The geographical continuity among the most affected municipalities (particularly in regions R1, R2, and R8) indicates that the impacts did not occur in isolation but instead affected entire regions in an interdependent manner, thereby requiring coordinated responses among neighboring municipalities. The development and implementation of Climate Change Adaptation Plans, as well as the construction of Contingency Plans, constitute essential strategies for reducing the risks and impacts associated with extreme weather events and climate change, as well as the disasters they trigger^ 5,18,19 ^.
These plans can strengthen the adaptive capacity of cities, contributing to the prevention of deaths, the mitigation of infrastructure damage, and the reduction of material losses. By promoting integrated preparedness and response measures, such instruments are essential for protecting population health and enhancing the resilience of territories in the face of disasters.
The effects of flood events are often subject to approximations and aggregations that carry a high degree of inaccuracy. Although the availability and quality of data have improved over time, no records exist of experiences with an integrated disaster information system, which has resulted in the increased use of multiple data sources for reporting. Consequently, in many events, the frequency of injuries and the number of affected individuals remain unknown, unreported, or difficult to identify. For other outcomes, such as deaths, reporting frequently lacks essential details, which likely contributes to the substantial underestimation of the impacts of flood events on human populations^ 3 ^.
The use of indicators such as deaths, injuries, illnesses, homelessness, and displacement per capita enables the assessment of disaster impacts and offers a precise basis for mitigation, preparedness, and response actions, in addition to supporting regional health planning. However, understanding the sociodemographic characteristics of the affected population can enhance the organization and planning of recovery efforts that promote equity.
A recent study assessed whether response actions during a public health emergency incorporate information on social determinants into decision-making with the aim of reducing inequalities^ 20 ^. The results identified three gaps in the decision-making and guidance processes during the response: insufficient data to support equitable decision-making, persistence of pre-existing health inequalities, and the absence of tools designed to guide decisions toward reducing inequalities^ 20 ^.
In this context, the gaps identified regarding the incorporation of social determinants into public health emergency response actions are closely aligned with the results observed in RS. The high proportion of municipalities declaring a state of emergency or public calamity, together with the indicators of mortality, illness, and population displacement, reflects inequalities among functional regions that cannot be fully explained by quantitative impact data alone. The limited integration of social information into monitoring and decision-making systems constrains the formulation of equitable and sustainable responses, thereby contributing to the persistence of pre-existing inequalities. Thus, the systematic incorporation of social determinants of health into emergency planning and management is essential for territorialized public policies to not only reduce the immediate effects of disasters but also address, in a structured manner, the disparities that intensify their impacts.

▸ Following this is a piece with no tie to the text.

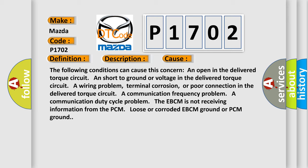A wiring problem, terminal corrosion, or poor connection in the delivered torque circuit. A communication frequency problem. A communication duty cycle problem. The EBCM is not receiving information from the PCM. Loose or corroded EBCM ground or PCM ground.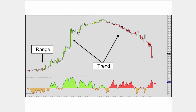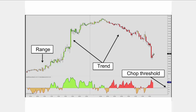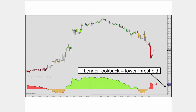The threshold is a pretty neat feature of this indicator because it adjusts according to your lookback period. With a short lookback period it will have a pretty high threshold — here about 25. On a longer lookback period, such as 72 bars, it's difficult to get 72 consecutive up or down closes, so the chop level is automatically adjusted down to about the 10 level.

Recent studies indicate that public health emergencies related to flooding are likely to increase in the coming years^ 3,7 ^, underscoring the need for greater emphasis on strategies for recording information about these events. Such strategies aim not only to improve future emergency responses based on lessons learned but also to enable faster and more effective information management during events, with a focus on equity. The fragmentation of information across systems, as well as the limited capacity to capture strategic data during disasters, highlights a critical challenge that must be addressed in Brazil in the coming years.
The fact that countries with greater resources are better able to predict and respond to imminent flood events^ 2 ^ demonstrates that the development of information systems and the capacity for timely detection and response to such disasters should be prioritized in less developed countries. Changes in socioeconomic, demographic, geological, and climatological conditions indicate not only that floods will become more frequent, but also that their impacts on human populations will be increasingly significant in the coming decades^ 1,3,7 ^.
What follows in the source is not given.